Ma très chère Madame, je
suis dans un grand trouble, et tel que je ne le
puis dire, quand je me représente ce que
vous souffrez et l'épreuve où Dieu
met notre chère fille, que je m'assure que
vous n'aurez pas abandonnée si Dieu l'a bien
affermie, comme vous m'avez mandé. Toute mon
espérance est en vous, qui n'oublierez rien,
je le sais bien, pour aider à la fortifier
contre de si puissantes tentations.
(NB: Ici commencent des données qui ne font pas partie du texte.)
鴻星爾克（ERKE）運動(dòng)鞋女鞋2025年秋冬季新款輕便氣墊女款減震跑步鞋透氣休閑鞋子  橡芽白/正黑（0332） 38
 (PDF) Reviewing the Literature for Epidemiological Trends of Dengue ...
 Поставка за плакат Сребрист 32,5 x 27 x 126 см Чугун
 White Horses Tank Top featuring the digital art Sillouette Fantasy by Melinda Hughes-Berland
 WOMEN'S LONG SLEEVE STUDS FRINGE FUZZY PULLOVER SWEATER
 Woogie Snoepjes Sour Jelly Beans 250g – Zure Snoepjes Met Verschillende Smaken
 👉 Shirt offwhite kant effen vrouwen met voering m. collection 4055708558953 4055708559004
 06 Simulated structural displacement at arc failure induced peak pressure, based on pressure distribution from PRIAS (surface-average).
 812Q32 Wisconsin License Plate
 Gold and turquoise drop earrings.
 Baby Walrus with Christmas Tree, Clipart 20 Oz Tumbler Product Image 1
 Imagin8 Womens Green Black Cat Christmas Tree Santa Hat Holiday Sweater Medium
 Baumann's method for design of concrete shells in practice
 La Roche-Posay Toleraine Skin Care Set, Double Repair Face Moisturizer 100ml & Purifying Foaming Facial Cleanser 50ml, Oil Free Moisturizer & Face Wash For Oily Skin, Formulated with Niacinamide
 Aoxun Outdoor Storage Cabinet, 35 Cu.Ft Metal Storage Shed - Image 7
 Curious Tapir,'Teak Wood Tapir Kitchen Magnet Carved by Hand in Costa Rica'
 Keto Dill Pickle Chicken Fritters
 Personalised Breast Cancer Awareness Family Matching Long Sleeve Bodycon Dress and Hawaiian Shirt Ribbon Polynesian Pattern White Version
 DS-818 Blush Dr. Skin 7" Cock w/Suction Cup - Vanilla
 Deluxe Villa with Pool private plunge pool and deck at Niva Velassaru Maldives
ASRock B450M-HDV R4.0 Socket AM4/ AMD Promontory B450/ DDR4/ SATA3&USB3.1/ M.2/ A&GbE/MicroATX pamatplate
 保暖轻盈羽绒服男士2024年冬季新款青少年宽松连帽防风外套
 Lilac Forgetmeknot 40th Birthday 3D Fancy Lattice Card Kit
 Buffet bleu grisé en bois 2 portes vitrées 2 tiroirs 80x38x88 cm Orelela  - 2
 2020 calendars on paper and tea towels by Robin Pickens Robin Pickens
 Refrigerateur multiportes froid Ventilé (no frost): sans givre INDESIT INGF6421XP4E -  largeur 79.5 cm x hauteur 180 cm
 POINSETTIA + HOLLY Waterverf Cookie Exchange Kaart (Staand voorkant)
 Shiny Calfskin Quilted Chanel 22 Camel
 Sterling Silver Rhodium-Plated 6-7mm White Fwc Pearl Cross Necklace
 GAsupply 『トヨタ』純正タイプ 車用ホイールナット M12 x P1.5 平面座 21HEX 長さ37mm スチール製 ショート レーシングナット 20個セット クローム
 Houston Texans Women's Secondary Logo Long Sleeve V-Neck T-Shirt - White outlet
Mon coeur, Dieu
vous appelle à montrer votre zèle et
pitié si grande et la rendre en
édification à toutes ces
églises au triste sujet qui nous met dans
les pleurs.
Je crois que ce vous serait une
grande consolation d'avoir un de
nos chers petits-enfants auprès de vous.
Quand je pense à eux, le coeur me fend
aussi... Mon coeur, je suis toute hors de
moi ! Le Seigneur veuille venir à notre
aide.
À Sedan, ce 12 août 1628.
(1) Mari de la fille cadette de d'Aubigné, Louise.
(2) Strophe du psaume 118, traduction de Clément Marot, musique de Loïs Bourgeois, que d'Aubigné entonna, à la tête de ses soldats, à la bataille de Coutras, au matin de la victoire, le 20 octobre 1587.
(3) Henri Charles de La Trémoïlle, prince de Tarente, fils de Henri de La Trémoïlle, duc de Thouars, et de Marie de La Tour, et donc petit-fils d'Elisabeth de Nassau, duchesse de Bouillon, et de Charlotte-Brabantine de Nassau, duchesse de La Trémoïlle.
(4) Frédéric-Maurice, l'aîné des fils de la duchesse, et Henri, le futur Turenne, alors enfant.